The Agbar Tower

Date: 17 October 2005
Copyright:
  • glassonweb.com
The Torre Agbar, or Agbar Tower, has been designed by French architect Jean Nouvel. It opened in June 2005 in Barcelona, Spain, and it was inaugurated officially by the kings of Spain the 16 of September of 2005.

The building, which measures 142 metres in height, houses the Barcelona Water Company, and Nouvel has designed it to evoke water: smooth and continuous, shimmering and transparent.



It is made up of 4,400 windows and 56,619 transparent glass plates and translucent ones: the glass of the windows is transparent, otherwise it is etched to be merely translucent.

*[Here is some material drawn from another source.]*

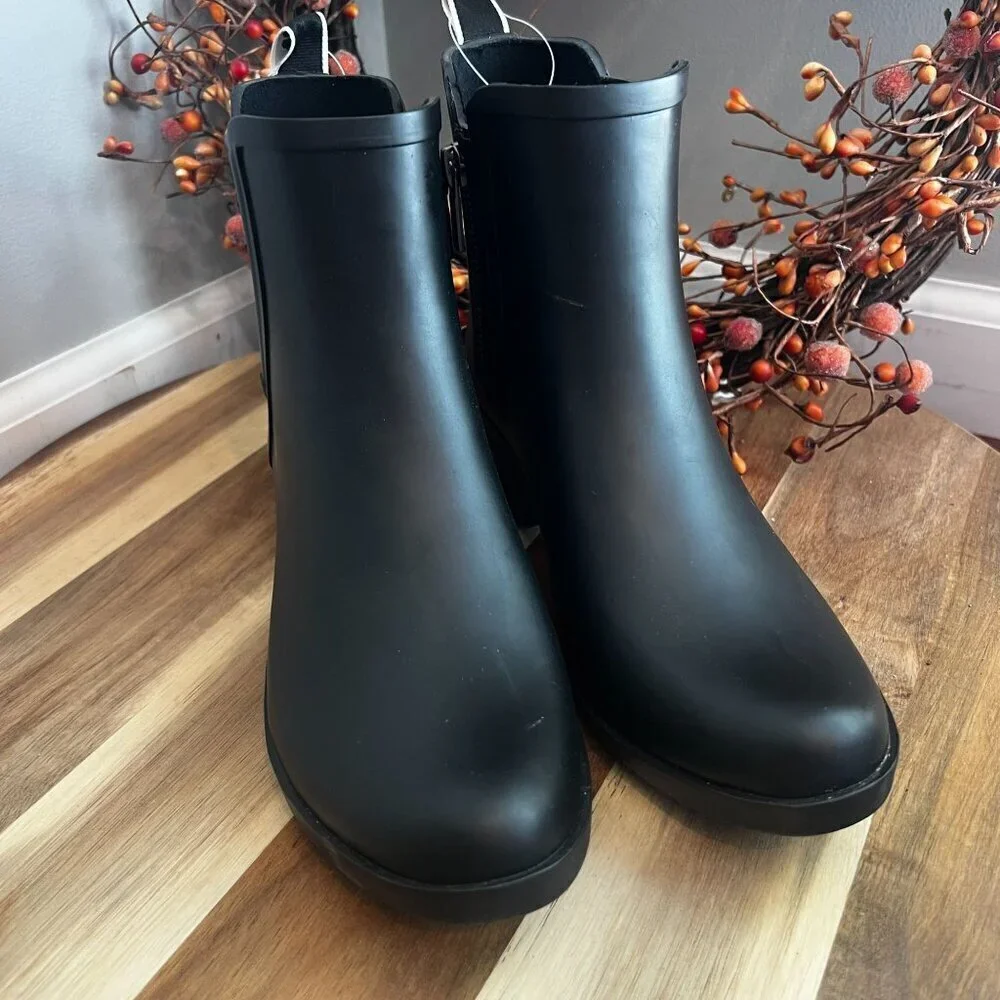 Lucky Brand ''BUNITA'' Women's Rain Boot Black Rubber Size 7.0 M Black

The cladding consists of aluminium panels in 25 colours behind glass louvres. The louvres are titled at 14 different angles calculated to deflect direct sun light. In additon, temperature sensors regulate the opening and closes of the glass blinds of the facade, optimizing the consumption of necessary energy to the air conditioning.



The building is characterized by its nocturnal illumination: it has more than 4,000 luminous devices that use technology LED.



Jean Nouvel wrote on this project: "This is not a tower, a skyscraper, in the American sense. It is a more an emergence, rising singularly in the center of a generally calm city. Unlike slender spires and bell towers that typically pierce the horizons of horizontal cities, this tower is a fluid mass that bursts through the ground like a geyser under permanent, calculated pressure."



The cost of the building was around 130 million euros.